As mentioned earlier these primitives play important role in sharding of data sets, models, tensors and even helping to provide expert level parallelism across GPU’s or other acceleration hardware.

These are supported on multi-threaded, multi-process models-based AI workloads using CUDA and it also encompasses profiling and observability tools for debugging and tuning. UBER library like Horovod in this regard is very much influenced by NCCL. Key question that needs to be addressed is to map these primitives to underlying hardware either through dedicated accelerated fixed function units or through vector ISA’s (which in general not very performance friendly for communication primitives since they need to traverse a logical hierarchy within system on chip type ASIC).

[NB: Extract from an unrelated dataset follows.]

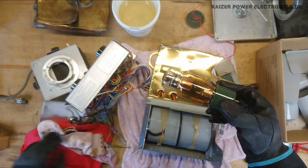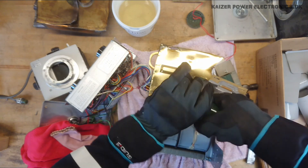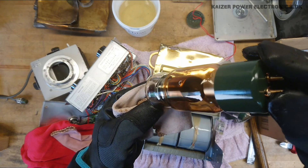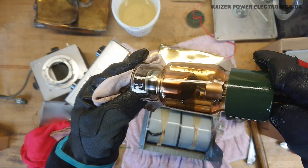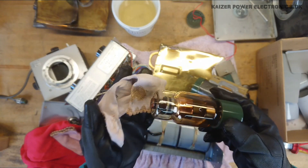And if we get a view of the anode here, it does have visible traces in the anode plate. So it has seen quite a lot of use.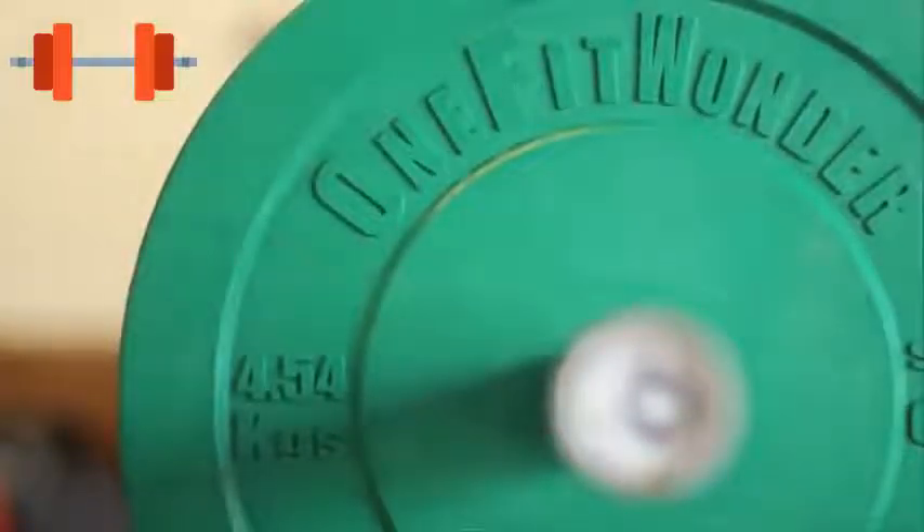Our new One Fit Wonder plates have a really low deadweight bounce. They're also accurate within 2% of the stated weight, and we're still able to offer them at a very competitive price.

In general other similar libraries besides NCCL are GLOO(Meta), BytePS (Bytedance), UCX (unified communication X) which can support CPU/GPU using CUDA and Infiniband and finally MPI(OPENMPI, MVAPICH) very generic which is very mature and can support heterogeneous hardware but may lead to higher latency.

Besides NCCL which is meant for communication, cuDNN supported by Nvidia CUDA is a deep neural network library and is highly tuned on Nvidia hardware for convolution, activation functions, normalization and RNN in general. cuDNN primitives can provide gains in DOT product, fast forward and backward passes in neural networks. Besides cuDNN, cuBLAS is also a important library which supports basic linear algebra operations for dense matrix multiplication. This library has three levels, level 1 primarily vector operations and provides Dot product acceleration, vector additions, norm calculations and vector swaps. Level-2 is for GEMV which is matric vector multiplication, SYMV/HEMV which is for symmetric/hermitian matrix vector product as a major contribution to ML/LLM workloads, level-3 being most important which contributes to GEMM (matrix to matrix multiplication C=alpha*AB + beta*C), level-3 includes SYMM/HEMM matrix multiplies as well besides hermitian rank-k update. Besides these cuBLAS contains Data Move Functions as well.Nvidia also has cuTENSOR library which supports High-performance tensor operations, enabling efficient tensor contractions and computations essential for multi-dimensional tensor operations in LLMs

Alternate framework to cuBLAS are rocBLAS (AMD GPU centric), OpenBLAS (CPU centric or from intel), OneMKL (Intel), besides that Magma (Multi-Core BLAS) provides CPU and GPU hybrid routines.Most frameworks support data types like Int, Float, Double and few support Complex data types.CUTLASS is functionally closest to cuBLAS and GPU-native.

Nvidia has released cuPARSE as well which can accelerate models exploiting sparsity in weight and gradients.

On the closing note TensorRT and TensorRT-LLM frameworks from Nvidia are optimized inference engines especially employing enhanced KV cache usage for inference and calculating attention.